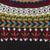100% alpaca knit hat, 'Motif Medley' - Multi-Color 100% Alpaca Knit Hat with Geometric Motifs (image 2e) thumbail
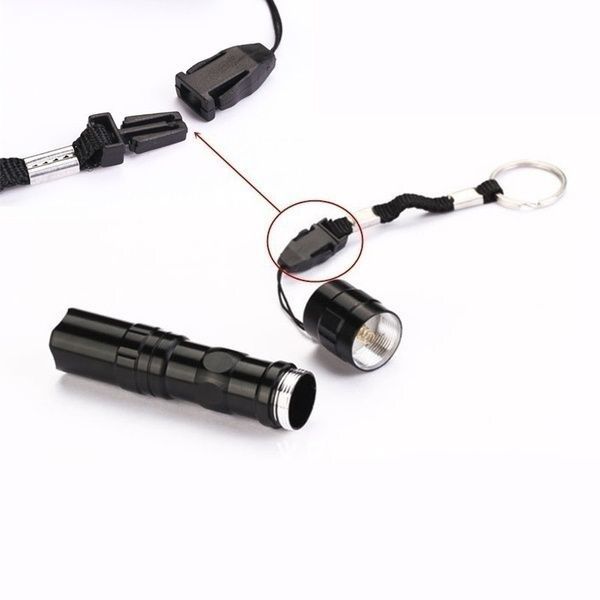 Lanterna Led Mini bolso portátil Super Bright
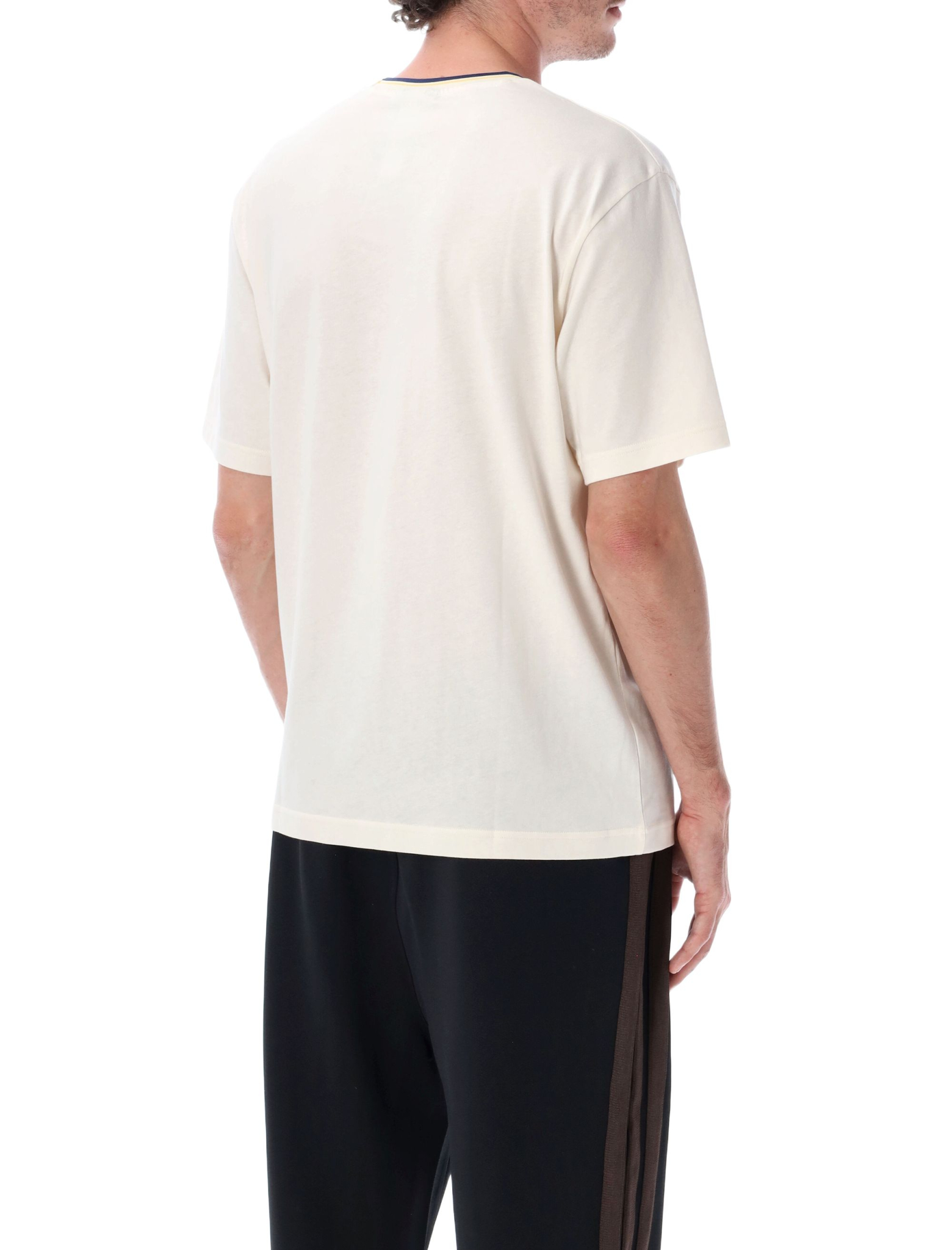 [ADIDAS Y3] T-shirts Short Sleeve SS26 KS3977CWHITE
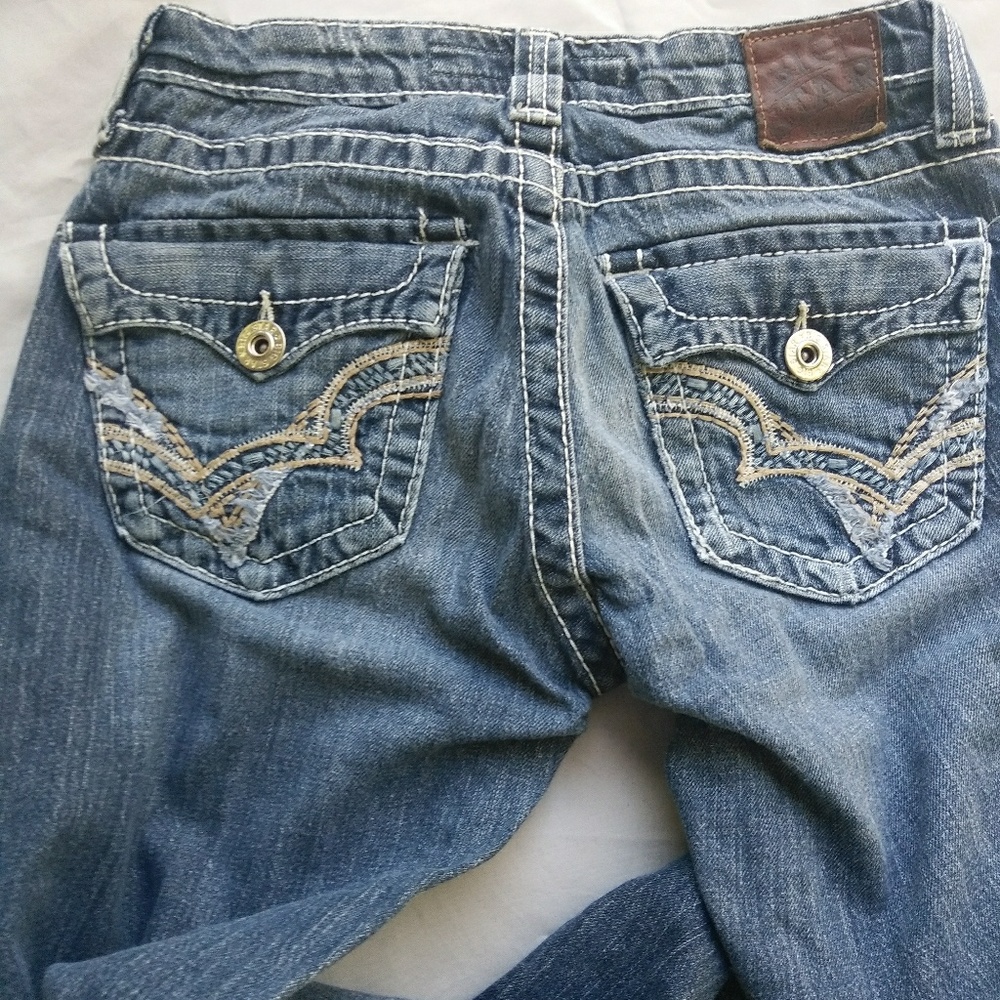 Big star Remy jeans - Picture 3 of 4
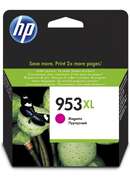Картридж HP No.953XL Officejet Pro 7720/7730/7740/8210/8218/8710/8720/8725/8730 Magenta (1600 стр) (F6U17AE)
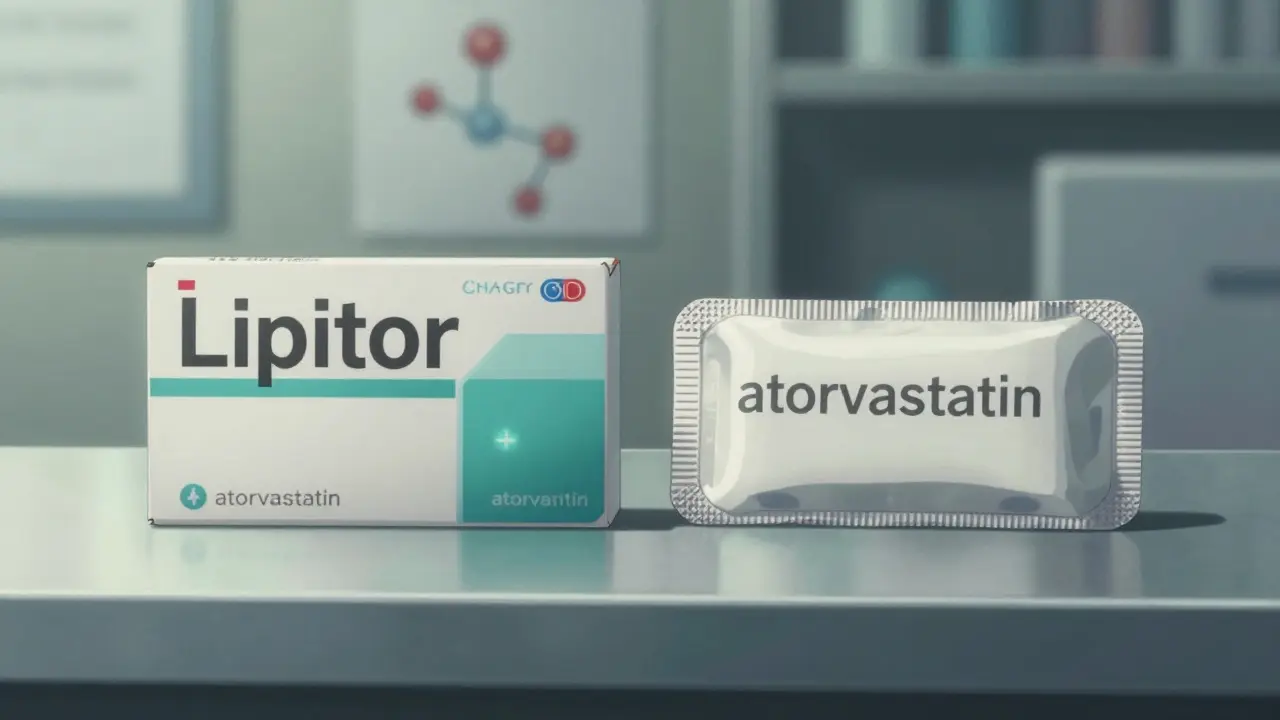 Generic vs Brand Name Drugs: What the Label Really Tells You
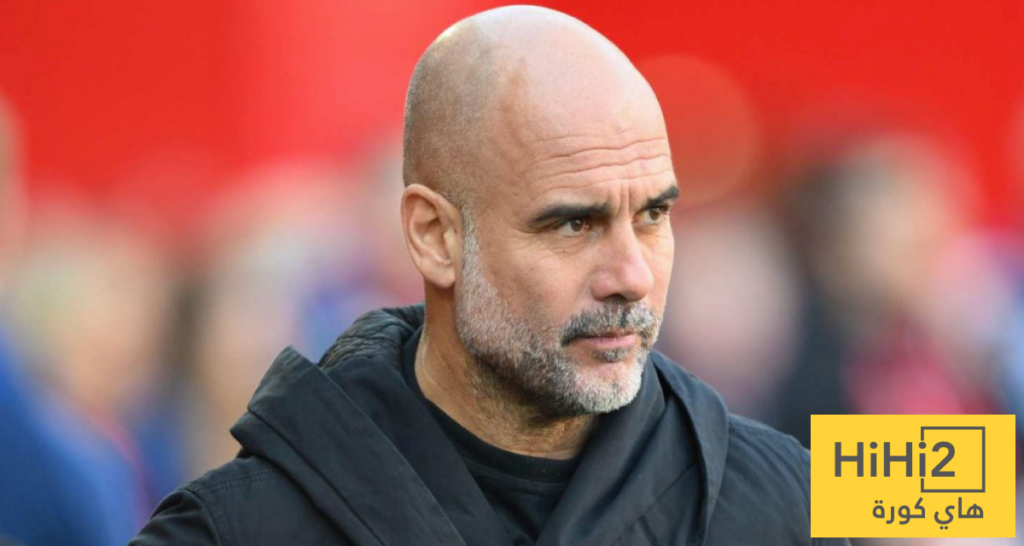 مانشستر سيتي يقدم ميزانية ضخمة لإبقاء جوارديولا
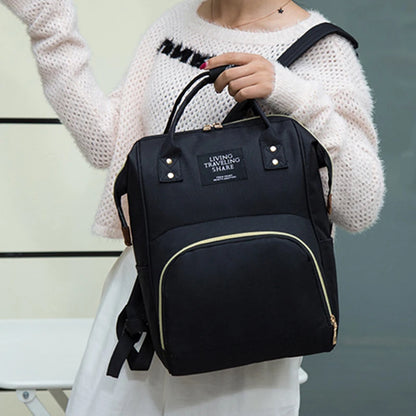 Sac à langer bébé fille luxe Mama Lux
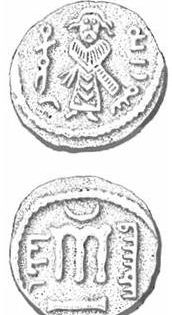 Copper Coin – Muhammad, Messenger of God, 661-680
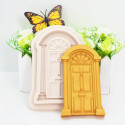Silicone mold for entrance door
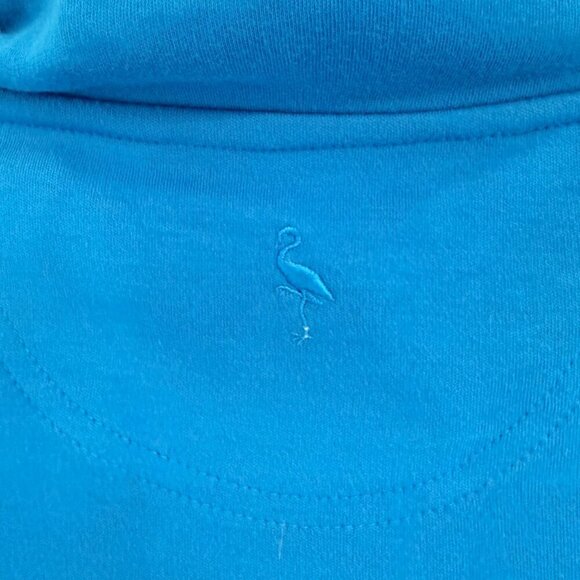 🦩 TailorByrd Blue 1/4 Zip Pullover – XL - Picture 2 of 4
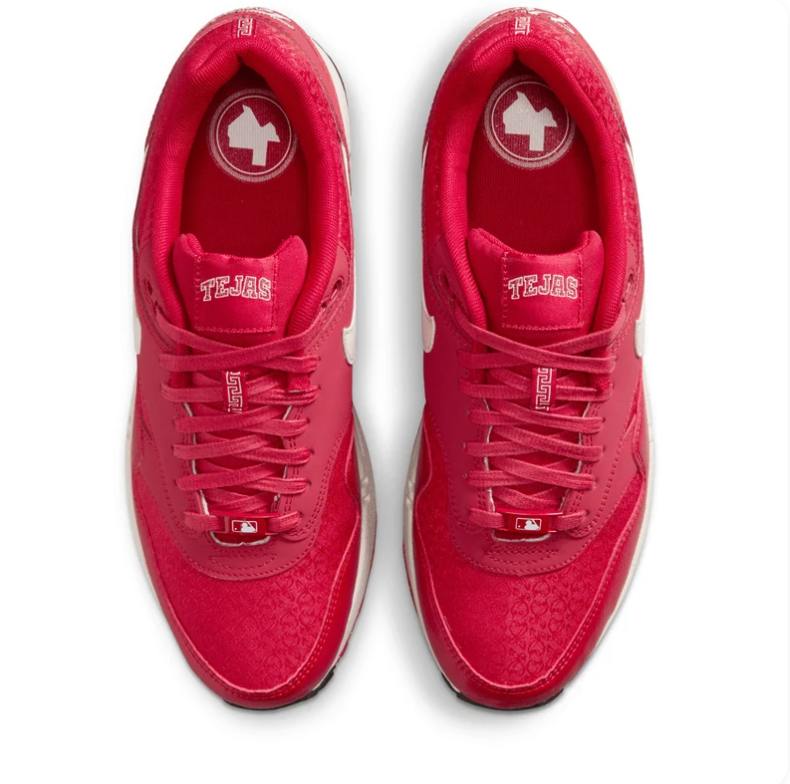 Nike Air Max 1 – University Red / White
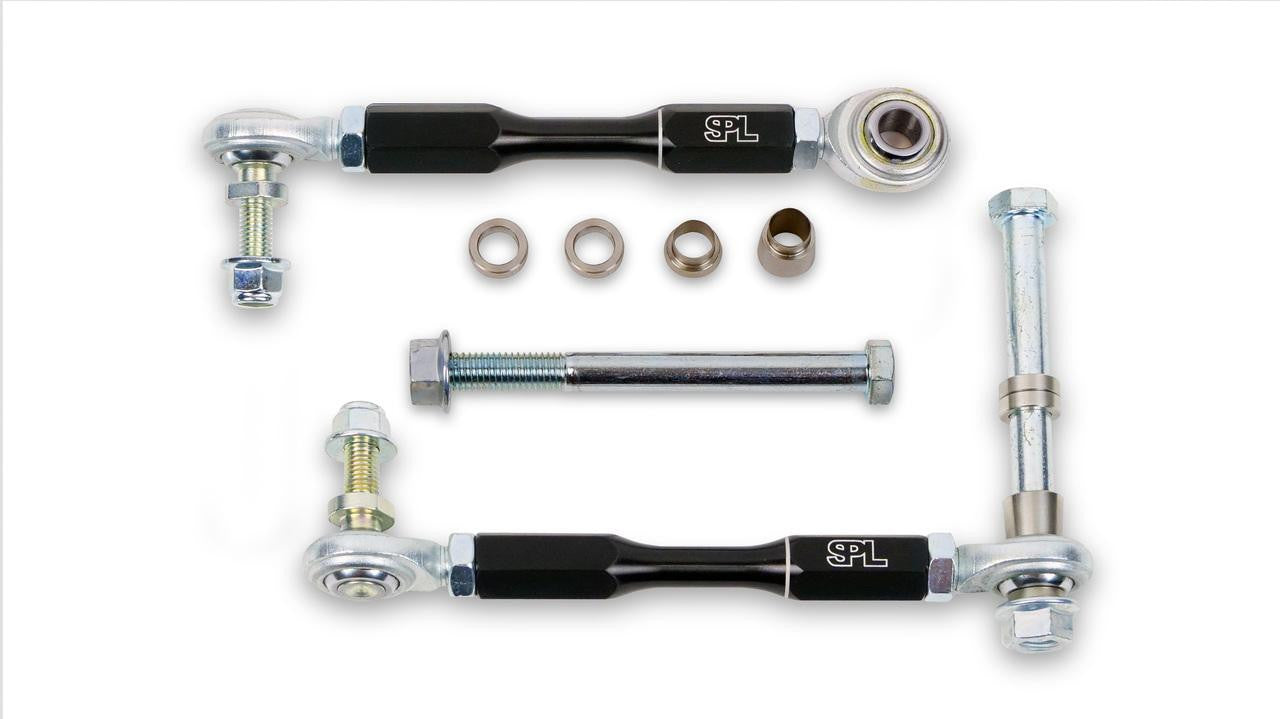 SPL Parts Front Swaybar Endlinks - 2015-2016 Porsche Cayman GT4 (981), 2017+ Porsche 718 Cayman GT4 (982), 2006-2012 Porsche Cayman (987C.1/987C.2)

|---|

Exercise instructions:
Word for word, write out each line from the one with "مانشستر سيتي يقدم" through the end of the entries above, and omit any pictures.

Task answer:
 مانشستر سيتي يقدم ميزانية ضخمة لإبقاء جوارديولا
 Sac à langer bébé fille luxe Mama Lux
 Copper Coin – Muhammad, Messenger of God, 661-680
Silicone mold for entrance door
 🦩 TailorByrd Blue 1/4 Zip Pullover – XL - Picture 2 of 4
 Nike Air Max 1 – University Red / White
 SPL Parts Front Swaybar Endlinks - 2015-2016 Porsche Cayman GT4 (981), 2017+ Porsche 718 Cayman GT4 (982), 2006-2012 Porsche Cayman (987C.1/987C.2)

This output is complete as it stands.